I've gone from 1 Rel to two sealed DIY 12" Rythmiks in a digitally active 4-way stereo system, where the subs play mono. I'm thinking of adding two more Rythmiks, which have a number of adjustments from the plate amp including phase. I was wondering if the addition of a box receiving the summed mono subs signal and adjusting time on each would further improve things vs "just" adjusting phase on each. 

Regards
@audiokinesis 

"My recollection is that Toole was referring to a Harmon subwoofer integrator processor which optimized the gain, frequency response, lowpass filter, phase, delay, and equalization based on in-room measurements. I assume it does what they claim."  

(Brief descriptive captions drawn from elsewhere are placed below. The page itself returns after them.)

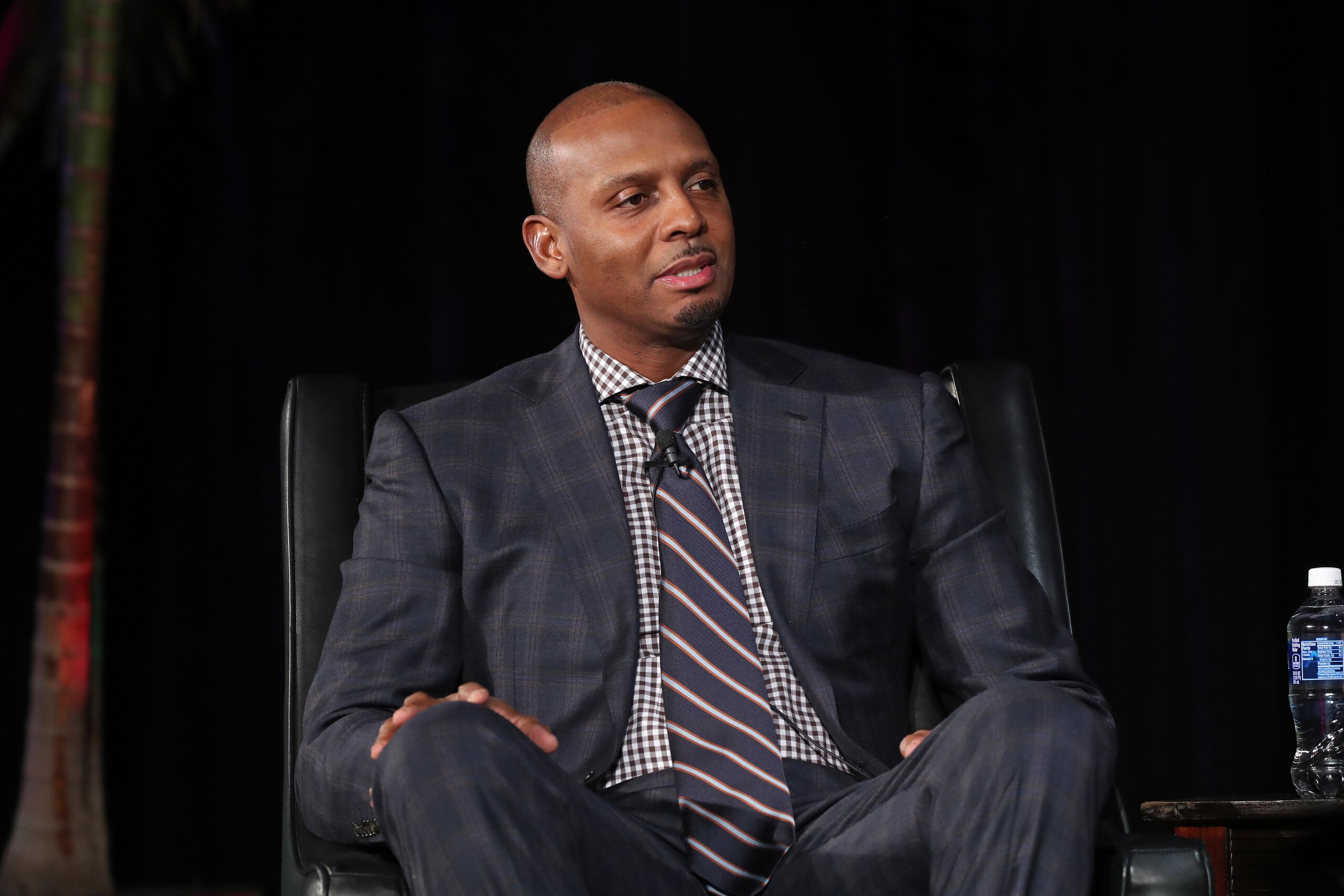 MEMPHIS, TN - JANUARY 15:  Anfernee 'Penny' Hardaway speaks during the Martin Luther King, Jr. symposium on January 15, 2018 at FedExForum in Memphis, Tennessee. NOTE TO USER: User expressly acknowledges and agrees that, by downloading and or using this photograph, User is consenting to the terms and conditions of the Getty Images License Agreement. Mandatory Copyright Notice: Copyright 2018 NBAE (Photo by Joe Murphy/NBAE via Getty Images)
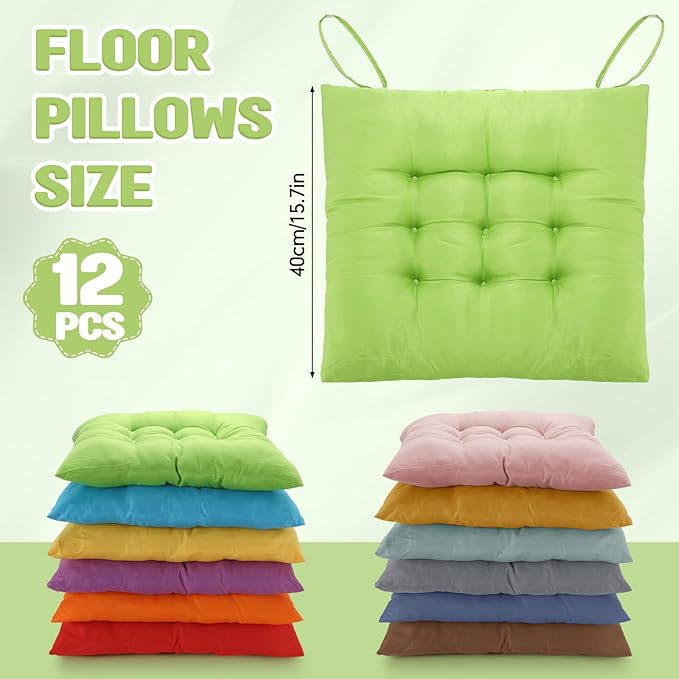 Geetery 12 Pcs Floor Pillows for Classroom Bulk Square Seating Cushions for Floor Chair School Kindergarten Reading Corner, 15.7'' Large Thick Meditation Cushions Yoga Nursery Daycare (Bright Color) - Bloomnest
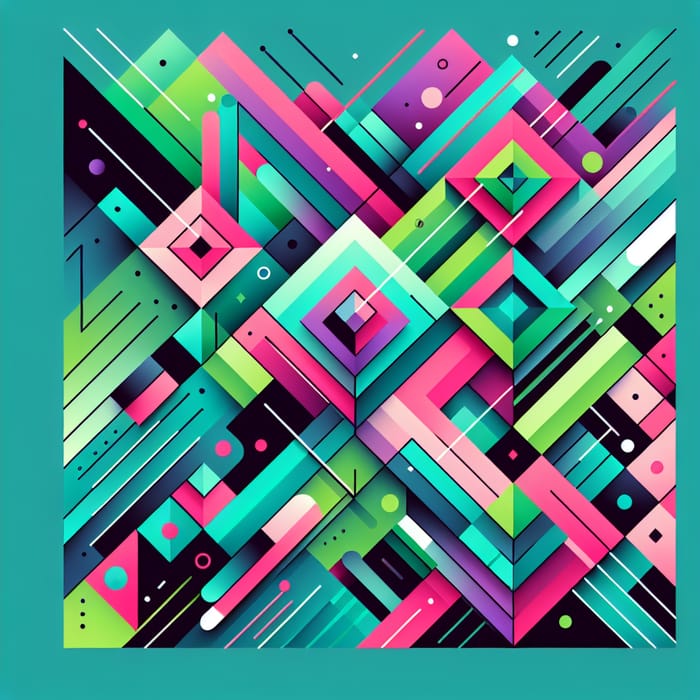 Colorful Geometric Design with Vibrant Green, Pink, Purple, & Turquoise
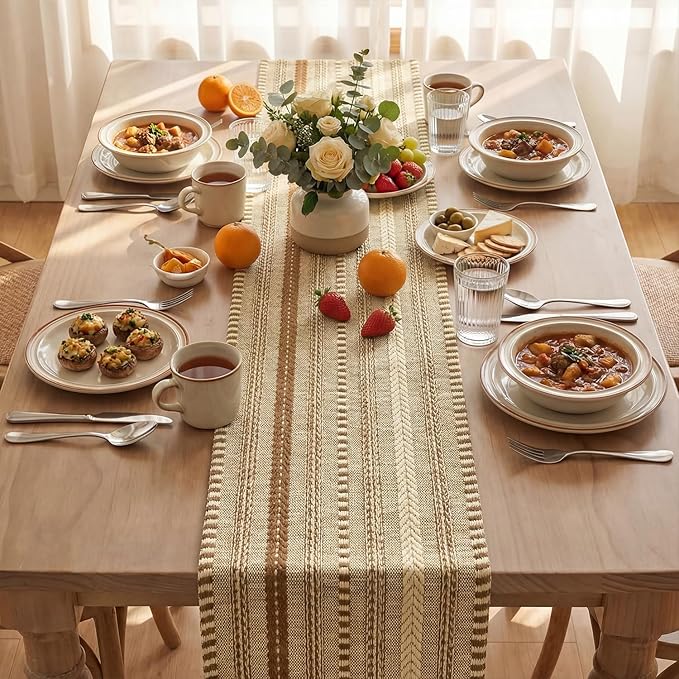 Artoid Mode Light Coffee Farmhouse Woven Table Runner, Seasonal Holiday Rustic Kitchen Dining Table Decoration for Home Party Decor 12x90 Inch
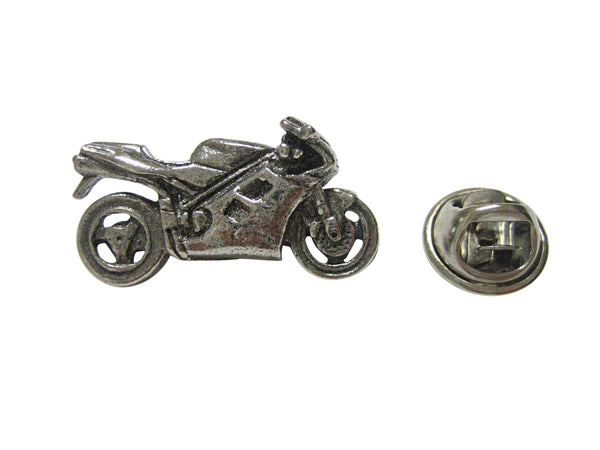 Silver Toned Textured Modern Motorcycle Lapel Pin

Duke, thanks for the answer. I think Toole was referring to an integrator, but I don't know it was the integrator process. On chapter 13 "Making (bass) waves - below the transition frequency" he shows several examples where 4 subs are used in a rectangular room and optimized (through an optimizator) to minimize seat to seat SPL variation at 5 seating positions. The optimizator adjusts overall level (dB), delay (ms), and EQ at a given point (frequency, Q, level). It's not clear to me if said delay was introduced through DSP or just a "phase" adjustment.

I can measure with REW and optimize with MSO for example, but if actual delays are needed then I would need a digital processor to incorporate these.